Work item »
Reproduce, unchanged, the lines between the one holding "this 952×1270 image." and the last line of the records, including both ends, but no pictures.

Materials provided »
--------------------------------

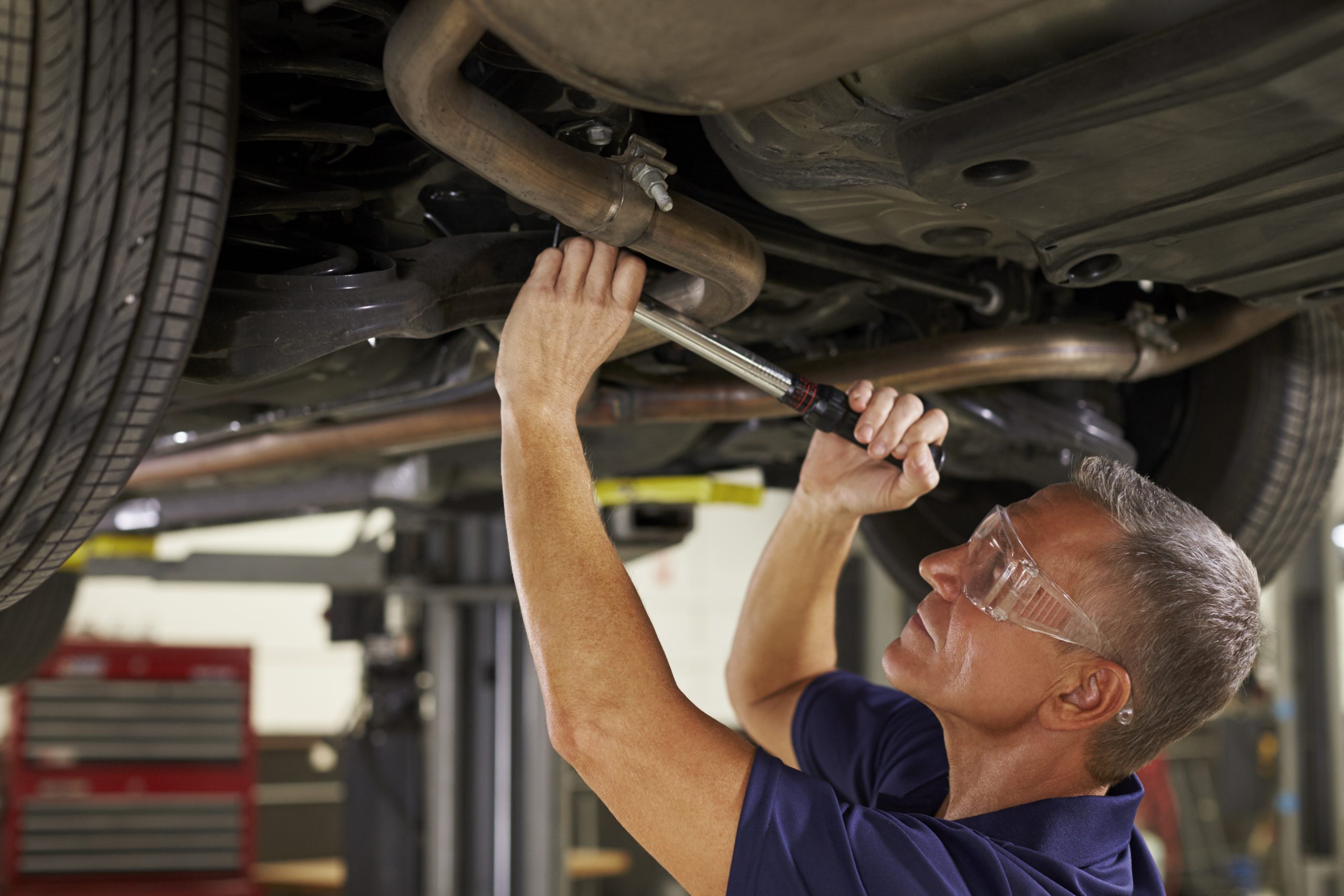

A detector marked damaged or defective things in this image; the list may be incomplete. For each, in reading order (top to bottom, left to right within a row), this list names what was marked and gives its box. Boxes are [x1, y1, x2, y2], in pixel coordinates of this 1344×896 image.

rusty metal pipe [387, 0, 769, 354]
rusty metal pipe [126, 306, 1290, 491]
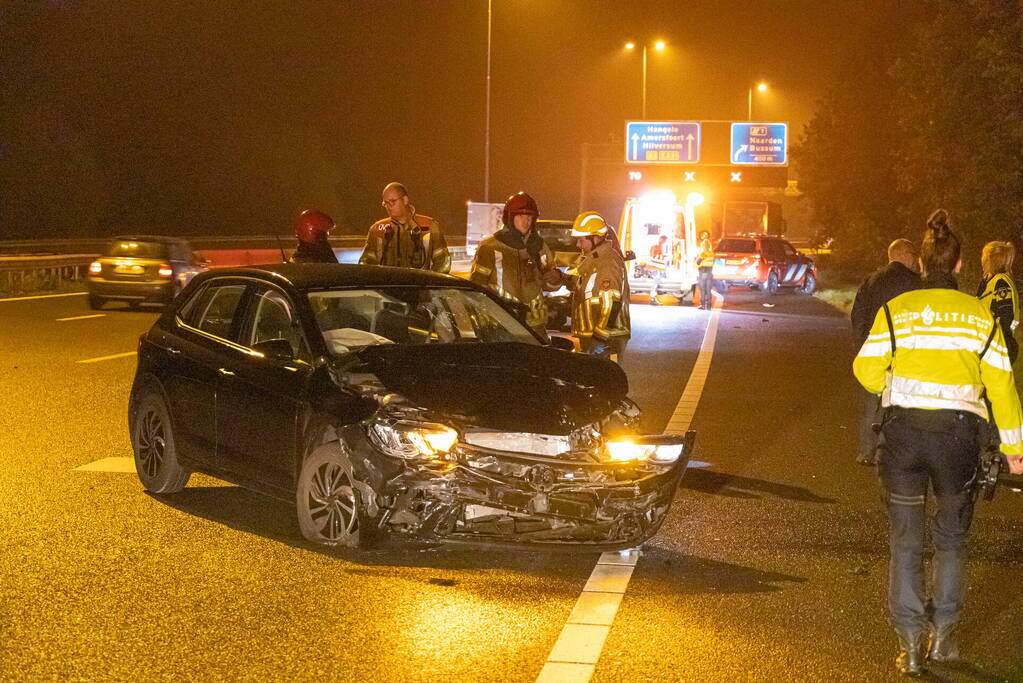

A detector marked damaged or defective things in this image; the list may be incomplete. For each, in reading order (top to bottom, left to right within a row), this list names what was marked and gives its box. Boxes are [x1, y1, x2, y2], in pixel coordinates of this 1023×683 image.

damaged black car [124, 262, 692, 552]
broken headlight [370, 422, 458, 460]
crumpled front bumper [376, 432, 696, 552]
broken headlight [604, 438, 684, 464]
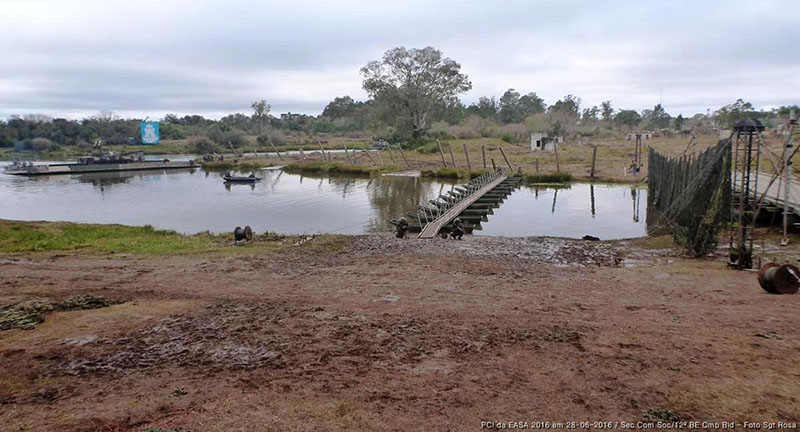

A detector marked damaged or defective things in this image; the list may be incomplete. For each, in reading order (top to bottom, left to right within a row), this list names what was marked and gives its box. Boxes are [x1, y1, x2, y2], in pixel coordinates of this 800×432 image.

rusty barrel [760, 264, 796, 294]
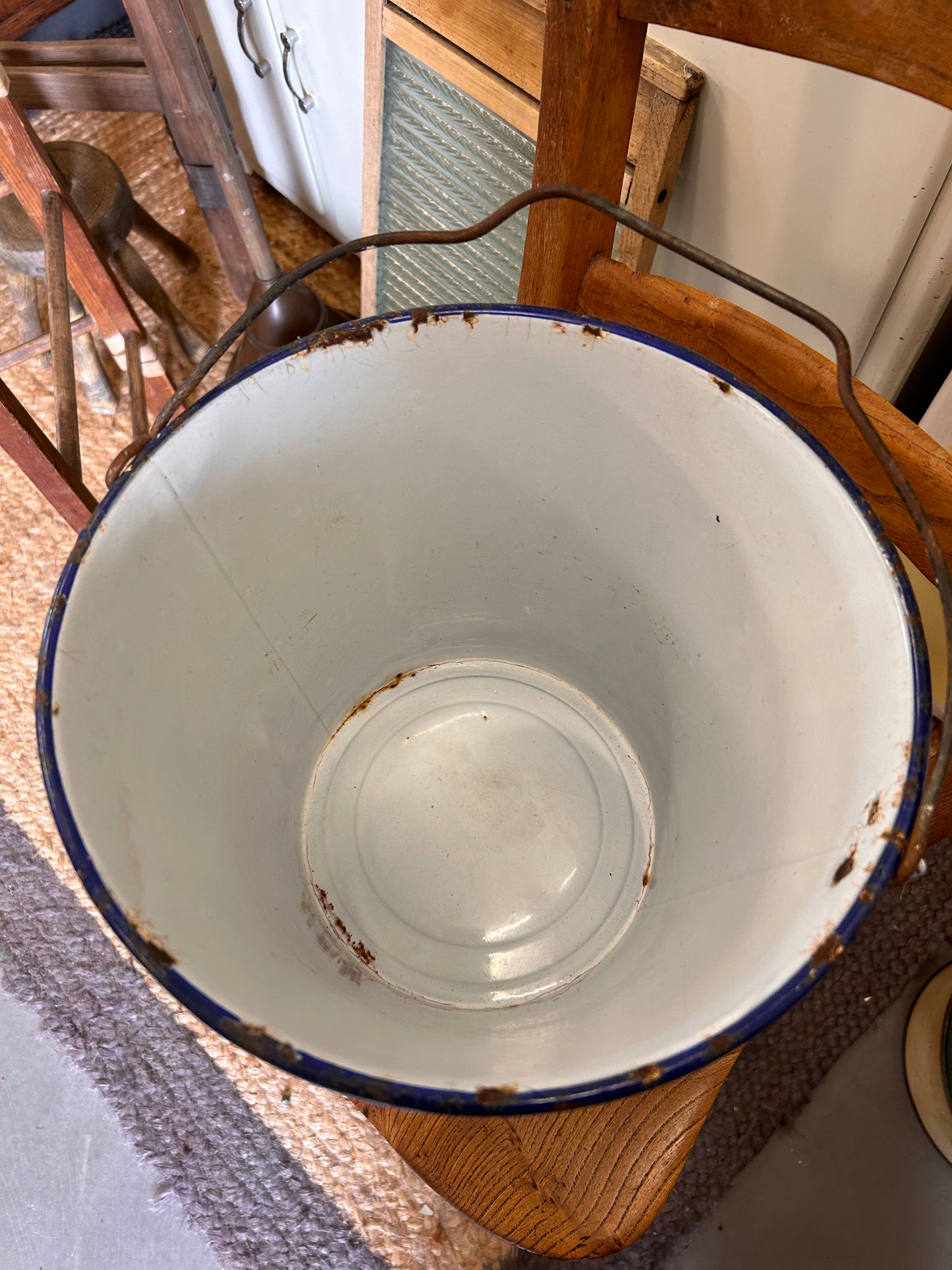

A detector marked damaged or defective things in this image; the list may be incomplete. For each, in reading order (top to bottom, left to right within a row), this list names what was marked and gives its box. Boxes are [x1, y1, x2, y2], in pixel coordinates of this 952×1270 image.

rusty chipped rim [35, 304, 934, 1112]
bent wire bail handle [107, 185, 952, 884]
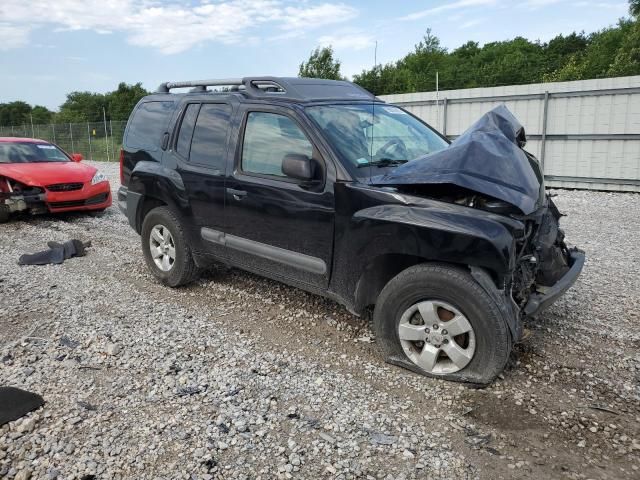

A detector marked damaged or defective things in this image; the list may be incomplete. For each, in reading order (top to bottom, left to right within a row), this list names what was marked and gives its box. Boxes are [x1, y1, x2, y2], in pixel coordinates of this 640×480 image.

--------------------------------

Solved exercise »
A detector marked damaged or defective things in this image; the list may be incomplete. For each, in reading order (top to bottom, left to right within a row), this list names what was marked and gives its box. Boxes are [x1, y1, x2, y2], in pixel coordinates of this 952×1270 image.

rusty chipped rim [35, 304, 934, 1112]
bent wire bail handle [107, 185, 952, 884]

A detector marked damaged or defective things in this image; the list may be incomplete. For each, in reading order (top to bottom, left to right within a row), this list names what was marked and gives its box. Boxes are [x1, y1, x2, y2], in pixel coordinates of this 640×480 image.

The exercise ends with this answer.